Mateo 11,25-30 (14_Tiempo ordinario -A )
En aquel tiempo, exclamó Jesús: «Te doy gracias, Padre, Señor de cielo y
tierra, porque has escondido estas cosas a los sabios y entendidos y se las has
revelado a la gente sencilla. Sí, Padre, así te ha parecido mejor. Todo me lo
ha entregado mi Padre, y nadie conoce al Hijo más que el Padre, y nadie conoce
al Padre sino el Hijo, y aquel a quien el Hijo se lo quiera revelar. Venid a mí
todos los que estáis cansados y agobiados, y yo os aliviaré. Cargad con mi yugo
y aprended de mí, que soy manso y humilde de corazón, y encontraréis vuestro
descanso. Porque mi yugo es llevadero y mi carga ligera.»
*****||*****
José Antonio Pagola
Jesús no tuvo problemas con las gentes sencillas del pueblo.
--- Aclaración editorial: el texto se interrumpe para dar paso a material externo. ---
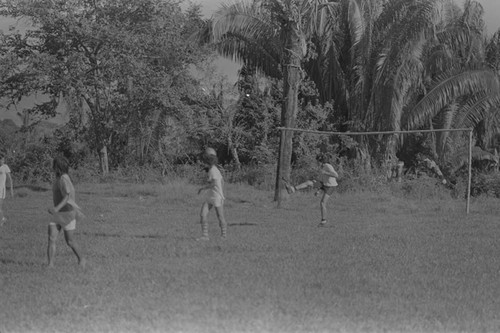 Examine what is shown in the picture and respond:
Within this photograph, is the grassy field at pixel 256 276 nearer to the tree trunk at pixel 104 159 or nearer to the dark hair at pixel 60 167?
the dark hair at pixel 60 167

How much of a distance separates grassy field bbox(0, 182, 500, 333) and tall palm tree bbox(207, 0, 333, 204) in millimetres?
6866

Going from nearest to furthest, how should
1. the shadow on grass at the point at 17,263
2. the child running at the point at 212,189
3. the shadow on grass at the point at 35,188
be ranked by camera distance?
the shadow on grass at the point at 17,263
the child running at the point at 212,189
the shadow on grass at the point at 35,188

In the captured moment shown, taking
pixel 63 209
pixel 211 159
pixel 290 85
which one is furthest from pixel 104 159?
pixel 63 209

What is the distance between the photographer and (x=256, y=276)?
9.73 m

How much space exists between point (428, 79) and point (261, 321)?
25816 millimetres

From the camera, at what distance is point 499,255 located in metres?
12.4

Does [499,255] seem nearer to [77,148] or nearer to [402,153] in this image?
[402,153]

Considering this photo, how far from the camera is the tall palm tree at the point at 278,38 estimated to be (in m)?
24.7

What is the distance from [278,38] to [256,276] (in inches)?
847

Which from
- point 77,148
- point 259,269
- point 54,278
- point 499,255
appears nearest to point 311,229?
point 499,255

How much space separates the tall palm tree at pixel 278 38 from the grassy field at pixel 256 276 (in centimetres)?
687


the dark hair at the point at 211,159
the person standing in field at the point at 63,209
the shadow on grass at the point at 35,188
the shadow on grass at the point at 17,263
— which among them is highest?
the dark hair at the point at 211,159

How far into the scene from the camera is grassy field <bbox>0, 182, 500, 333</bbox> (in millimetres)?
7371

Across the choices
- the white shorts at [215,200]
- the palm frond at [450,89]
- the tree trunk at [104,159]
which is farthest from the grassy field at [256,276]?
the tree trunk at [104,159] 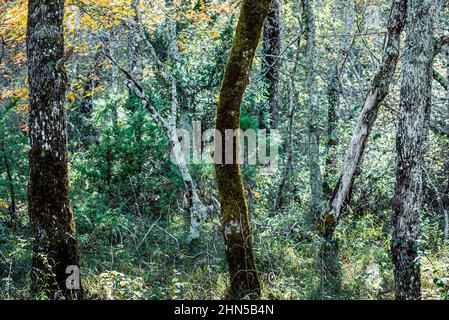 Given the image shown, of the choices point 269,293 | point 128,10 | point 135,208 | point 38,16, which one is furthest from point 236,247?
point 128,10

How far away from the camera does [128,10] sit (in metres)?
10.4

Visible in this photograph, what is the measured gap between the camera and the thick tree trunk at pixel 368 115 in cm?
752

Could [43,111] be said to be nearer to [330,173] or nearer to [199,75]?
[199,75]

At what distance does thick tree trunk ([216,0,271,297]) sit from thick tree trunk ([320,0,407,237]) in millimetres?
2497

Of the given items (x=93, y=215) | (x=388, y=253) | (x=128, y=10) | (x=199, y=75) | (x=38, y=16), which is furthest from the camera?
(x=199, y=75)

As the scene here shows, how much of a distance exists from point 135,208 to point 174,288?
4.38 m

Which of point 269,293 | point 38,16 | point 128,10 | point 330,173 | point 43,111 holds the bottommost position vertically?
point 269,293

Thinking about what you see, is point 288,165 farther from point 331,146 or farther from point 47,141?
point 47,141

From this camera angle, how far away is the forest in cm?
621

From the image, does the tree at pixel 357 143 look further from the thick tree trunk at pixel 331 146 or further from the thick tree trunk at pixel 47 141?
the thick tree trunk at pixel 331 146

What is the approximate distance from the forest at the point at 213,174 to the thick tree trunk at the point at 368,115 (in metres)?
0.02

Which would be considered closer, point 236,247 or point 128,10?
point 236,247

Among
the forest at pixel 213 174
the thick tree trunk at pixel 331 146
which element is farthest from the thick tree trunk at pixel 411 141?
the thick tree trunk at pixel 331 146

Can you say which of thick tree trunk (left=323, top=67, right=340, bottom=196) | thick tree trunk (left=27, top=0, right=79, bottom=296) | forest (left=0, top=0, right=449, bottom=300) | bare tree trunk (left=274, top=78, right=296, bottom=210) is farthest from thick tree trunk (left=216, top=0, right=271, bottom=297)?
thick tree trunk (left=323, top=67, right=340, bottom=196) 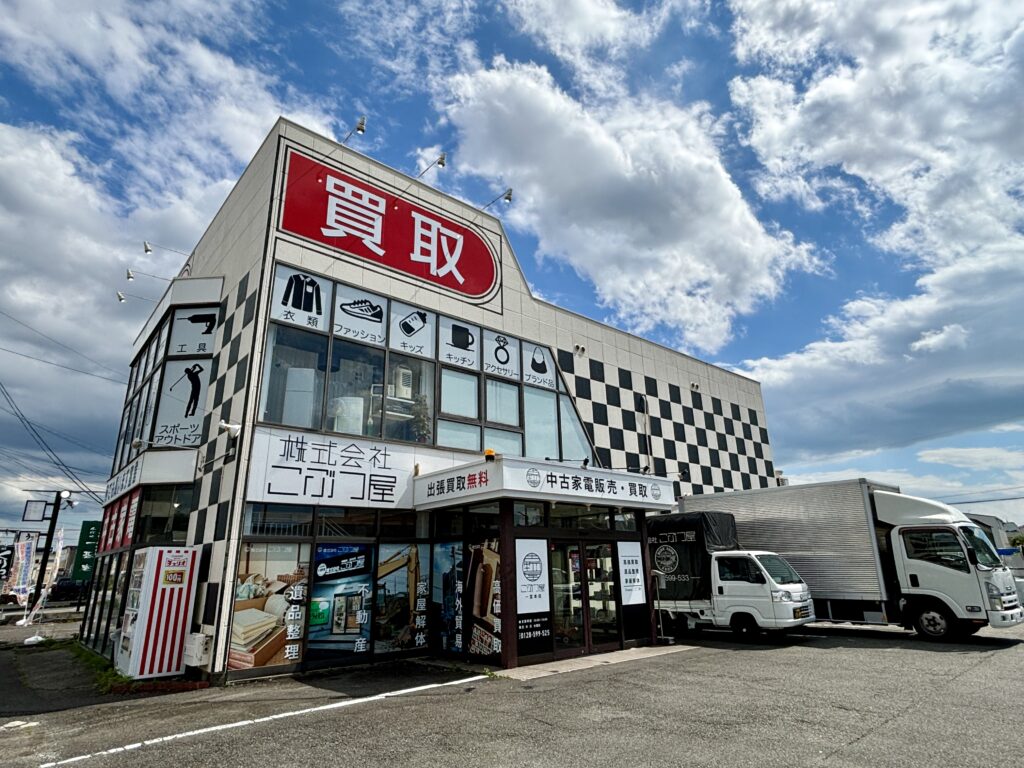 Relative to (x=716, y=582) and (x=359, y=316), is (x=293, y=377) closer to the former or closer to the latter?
(x=359, y=316)

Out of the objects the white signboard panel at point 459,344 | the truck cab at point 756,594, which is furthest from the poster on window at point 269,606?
the truck cab at point 756,594

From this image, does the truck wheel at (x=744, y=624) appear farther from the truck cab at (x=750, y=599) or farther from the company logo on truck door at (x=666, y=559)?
the company logo on truck door at (x=666, y=559)

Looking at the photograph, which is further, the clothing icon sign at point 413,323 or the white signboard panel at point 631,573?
the clothing icon sign at point 413,323

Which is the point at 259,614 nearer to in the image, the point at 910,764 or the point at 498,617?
the point at 498,617

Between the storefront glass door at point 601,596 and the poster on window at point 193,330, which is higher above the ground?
the poster on window at point 193,330

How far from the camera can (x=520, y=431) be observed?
475 inches

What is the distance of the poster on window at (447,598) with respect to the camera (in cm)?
941

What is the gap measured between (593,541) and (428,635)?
3.23m

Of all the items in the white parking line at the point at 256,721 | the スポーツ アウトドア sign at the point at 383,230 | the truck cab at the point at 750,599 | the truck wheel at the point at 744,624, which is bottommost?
the white parking line at the point at 256,721

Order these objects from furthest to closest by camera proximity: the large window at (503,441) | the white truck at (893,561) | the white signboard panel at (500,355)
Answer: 1. the white signboard panel at (500,355)
2. the large window at (503,441)
3. the white truck at (893,561)

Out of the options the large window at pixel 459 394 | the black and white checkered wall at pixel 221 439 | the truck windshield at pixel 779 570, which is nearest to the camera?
the black and white checkered wall at pixel 221 439

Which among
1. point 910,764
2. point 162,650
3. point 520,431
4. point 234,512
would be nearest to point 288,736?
point 234,512

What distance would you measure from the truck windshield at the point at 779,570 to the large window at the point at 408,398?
6.68 meters

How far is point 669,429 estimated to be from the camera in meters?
16.5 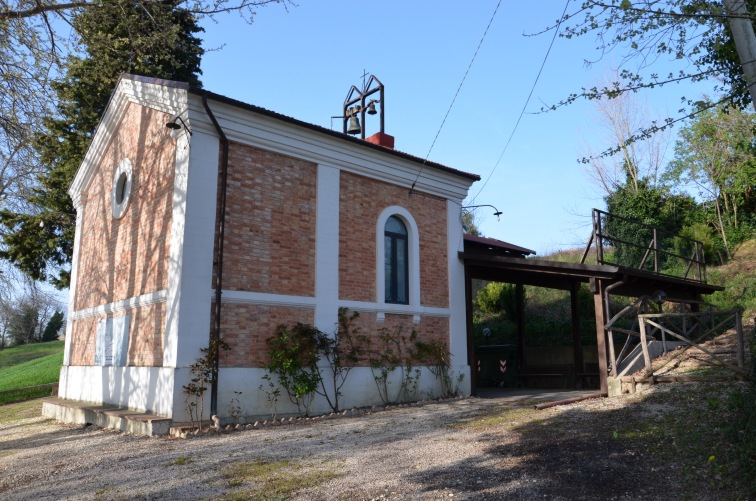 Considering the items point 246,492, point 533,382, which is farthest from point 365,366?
point 533,382

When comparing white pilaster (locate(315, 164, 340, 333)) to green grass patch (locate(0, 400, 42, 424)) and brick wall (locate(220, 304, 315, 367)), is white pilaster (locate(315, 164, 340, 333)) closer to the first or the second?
brick wall (locate(220, 304, 315, 367))

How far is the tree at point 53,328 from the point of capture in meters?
53.7

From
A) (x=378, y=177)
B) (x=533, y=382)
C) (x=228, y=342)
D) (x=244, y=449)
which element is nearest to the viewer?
(x=244, y=449)

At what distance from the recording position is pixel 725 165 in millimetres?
23750

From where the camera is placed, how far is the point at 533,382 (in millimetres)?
16984

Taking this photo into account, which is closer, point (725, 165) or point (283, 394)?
point (283, 394)

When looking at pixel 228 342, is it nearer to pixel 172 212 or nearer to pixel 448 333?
pixel 172 212

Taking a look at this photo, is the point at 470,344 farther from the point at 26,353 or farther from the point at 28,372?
the point at 26,353

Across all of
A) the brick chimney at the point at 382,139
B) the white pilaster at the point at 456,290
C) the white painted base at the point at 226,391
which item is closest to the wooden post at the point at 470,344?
the white pilaster at the point at 456,290

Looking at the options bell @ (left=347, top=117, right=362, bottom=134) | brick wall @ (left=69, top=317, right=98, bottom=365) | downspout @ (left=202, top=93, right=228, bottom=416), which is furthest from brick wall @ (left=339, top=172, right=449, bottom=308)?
brick wall @ (left=69, top=317, right=98, bottom=365)

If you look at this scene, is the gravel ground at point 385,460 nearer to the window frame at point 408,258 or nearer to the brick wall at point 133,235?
the brick wall at point 133,235

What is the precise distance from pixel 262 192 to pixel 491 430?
581 centimetres

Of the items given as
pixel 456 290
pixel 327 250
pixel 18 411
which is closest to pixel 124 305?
pixel 327 250

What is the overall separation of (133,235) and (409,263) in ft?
19.1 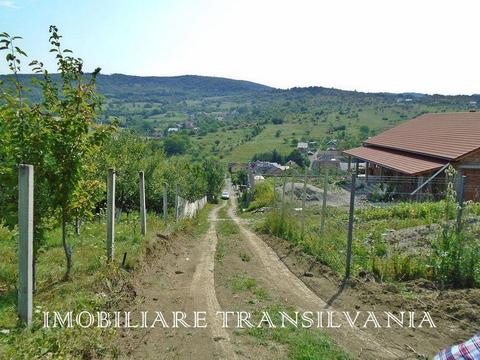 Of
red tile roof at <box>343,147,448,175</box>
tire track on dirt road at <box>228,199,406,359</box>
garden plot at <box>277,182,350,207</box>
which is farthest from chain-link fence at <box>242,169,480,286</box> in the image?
red tile roof at <box>343,147,448,175</box>

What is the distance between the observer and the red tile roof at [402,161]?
2557 cm

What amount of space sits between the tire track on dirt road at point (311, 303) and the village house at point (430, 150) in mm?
12012

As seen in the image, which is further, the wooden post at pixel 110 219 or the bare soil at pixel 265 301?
the wooden post at pixel 110 219

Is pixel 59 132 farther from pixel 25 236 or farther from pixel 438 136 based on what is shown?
pixel 438 136

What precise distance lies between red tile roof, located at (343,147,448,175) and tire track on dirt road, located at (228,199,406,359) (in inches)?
719

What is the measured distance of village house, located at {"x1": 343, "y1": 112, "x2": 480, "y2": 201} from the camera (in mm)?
25484

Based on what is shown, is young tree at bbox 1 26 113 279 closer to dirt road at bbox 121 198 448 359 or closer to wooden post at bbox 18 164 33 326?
wooden post at bbox 18 164 33 326

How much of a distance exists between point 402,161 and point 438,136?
4.50 m

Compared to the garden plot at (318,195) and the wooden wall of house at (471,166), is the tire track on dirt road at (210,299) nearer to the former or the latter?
the garden plot at (318,195)

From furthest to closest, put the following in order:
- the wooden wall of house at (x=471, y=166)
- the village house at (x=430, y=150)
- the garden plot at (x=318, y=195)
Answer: the wooden wall of house at (x=471, y=166) < the village house at (x=430, y=150) < the garden plot at (x=318, y=195)

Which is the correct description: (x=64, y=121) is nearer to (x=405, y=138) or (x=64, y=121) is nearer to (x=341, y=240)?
(x=341, y=240)

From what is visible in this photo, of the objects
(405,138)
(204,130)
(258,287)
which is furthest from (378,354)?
(204,130)

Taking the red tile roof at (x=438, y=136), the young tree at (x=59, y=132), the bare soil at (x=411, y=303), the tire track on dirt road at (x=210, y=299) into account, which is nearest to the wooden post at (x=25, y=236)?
the young tree at (x=59, y=132)

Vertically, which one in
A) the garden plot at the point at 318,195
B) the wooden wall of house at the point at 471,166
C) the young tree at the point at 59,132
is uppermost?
the young tree at the point at 59,132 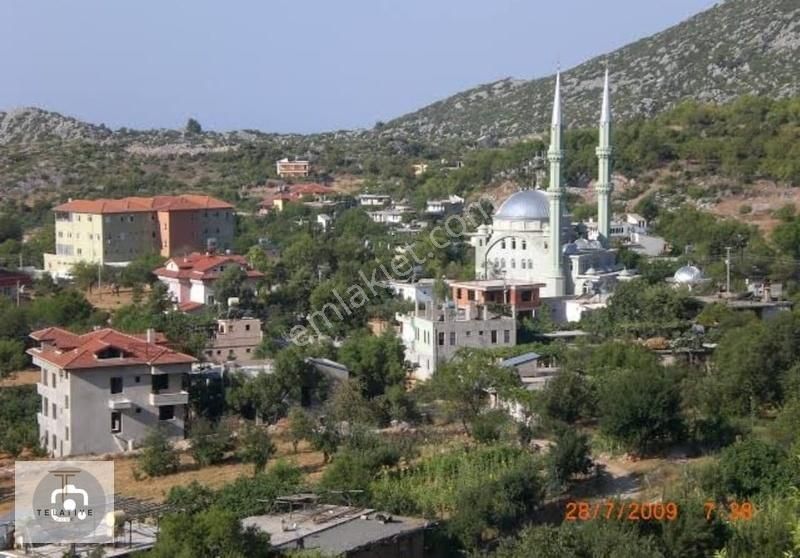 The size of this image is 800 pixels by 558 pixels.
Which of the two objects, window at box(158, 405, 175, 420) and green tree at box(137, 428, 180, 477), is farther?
window at box(158, 405, 175, 420)

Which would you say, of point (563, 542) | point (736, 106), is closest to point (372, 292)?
point (563, 542)

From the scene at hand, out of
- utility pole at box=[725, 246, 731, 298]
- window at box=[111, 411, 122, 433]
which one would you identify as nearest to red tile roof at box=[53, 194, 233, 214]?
utility pole at box=[725, 246, 731, 298]

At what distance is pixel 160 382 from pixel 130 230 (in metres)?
29.8

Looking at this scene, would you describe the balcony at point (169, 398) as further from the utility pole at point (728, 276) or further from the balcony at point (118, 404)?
the utility pole at point (728, 276)

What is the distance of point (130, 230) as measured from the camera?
5794 centimetres

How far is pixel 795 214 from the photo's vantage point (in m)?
55.3

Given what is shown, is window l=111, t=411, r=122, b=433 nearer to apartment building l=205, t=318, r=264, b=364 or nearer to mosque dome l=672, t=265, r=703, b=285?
apartment building l=205, t=318, r=264, b=364

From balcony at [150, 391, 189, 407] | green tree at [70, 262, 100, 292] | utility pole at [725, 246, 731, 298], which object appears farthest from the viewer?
green tree at [70, 262, 100, 292]

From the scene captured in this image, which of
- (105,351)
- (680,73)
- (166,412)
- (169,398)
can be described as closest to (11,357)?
(105,351)

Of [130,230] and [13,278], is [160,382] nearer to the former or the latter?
[13,278]

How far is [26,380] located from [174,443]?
7.39 metres

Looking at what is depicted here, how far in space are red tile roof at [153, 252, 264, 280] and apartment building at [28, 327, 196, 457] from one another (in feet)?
50.8

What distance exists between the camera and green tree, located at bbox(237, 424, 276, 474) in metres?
25.8

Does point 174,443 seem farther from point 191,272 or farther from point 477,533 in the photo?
point 191,272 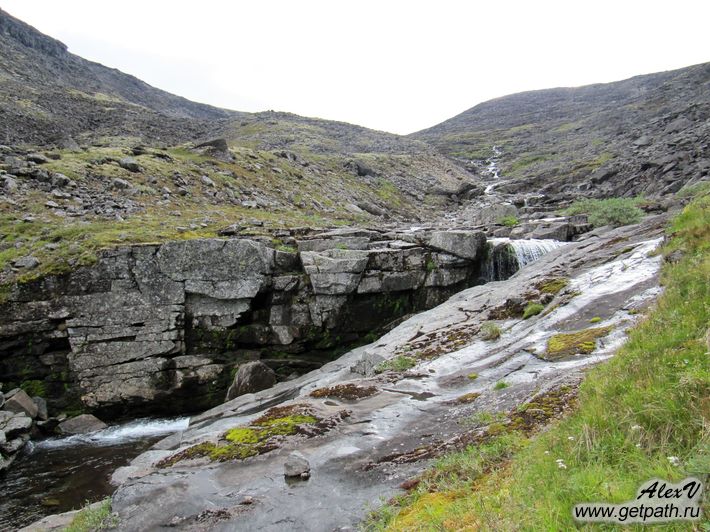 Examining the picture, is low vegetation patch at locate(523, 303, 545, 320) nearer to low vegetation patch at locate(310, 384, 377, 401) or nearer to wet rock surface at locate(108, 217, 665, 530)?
wet rock surface at locate(108, 217, 665, 530)

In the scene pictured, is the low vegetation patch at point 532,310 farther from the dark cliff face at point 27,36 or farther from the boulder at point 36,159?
the dark cliff face at point 27,36

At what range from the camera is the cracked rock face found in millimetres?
21656

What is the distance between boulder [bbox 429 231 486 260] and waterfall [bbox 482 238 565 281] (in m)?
1.01

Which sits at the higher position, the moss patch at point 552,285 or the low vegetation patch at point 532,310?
the moss patch at point 552,285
Sabía que le entendían. Lo que le preocupaba era si algún día llegarían a
captar su mensaje los líderes religiosos, los especialistas de la ley, los
grandes maestros de Israel. Cada día era más evidente: lo que al pueblo sencillo
le llenaba de alegría, a ellos los dejaba indiferentes.
Aquellos campesinos que vivían defendiéndose del hambre y de
los grandes terratenientes le entendían muy bien: Dios los quería ver felices,
sin hambre ni opresores. Los enfermos se fiaban de él y, animados por su fe,
volvían a creer en el Dios de la vida. Las mujeres que se atrevían a salir de
su casa para escucharle intuían que Dios tenía que amar como decía Jesús: con
entrañas de madre. La gente sencilla del pueblo sintonizaba con él. El Dios que
les anunciaba era el que anhelaban y necesitaban.
La actitud de los «entendidos» era diferente. Caifás y los
sacerdotes de Jerusalén lo veían como un peligro. Los maestros de la ley no
entendían que se preocupara tanto del sufrimiento de la gente y se olvidara de
las exigencias de la religión. Por eso, entre los seguidores más cercanos de
Jesús no hubo sacerdotes, escribas o maestros de la ley.
Un día, Jesús descubrió a todos lo que sentía en su corazón.
Lleno de alegría le rezó así a Dios: «Te doy gracias, Padre, Señor del cielo y
de la tierra, porque has escondido estas cosas a sabios y entendidos y las has
revelado a la gente sencilla».
Siempre es igual. La mirada de la gente sencilla es, de
ordinario, más limpia. No hay en su corazón tanto interés torcido. Van a lo
esencial. Saben lo que es sufrir, sentirse mal y vivir sin seguridad. Son los
primeros que entienden el evangelio.
Esta gente sencilla es lo mejor que tenemos en la Iglesia.
De ellos tenemos que aprender obispos, teólogos, moralistas y entendidos en
religión. A ellos les descubre Dios algo que a nosotros se nos escapa. Los
eclesiásticos tenemos el riesgo de racionalizar, teorizar y «complicar»
demasiado la fe. Solo dos preguntas: ¿por qué hay tanta distancia entre nuestra
palabra y la vida de la gente? ¿Por qué nuestro mensaje resulta casi siempre
más oscuro y complicado que el de Jesús?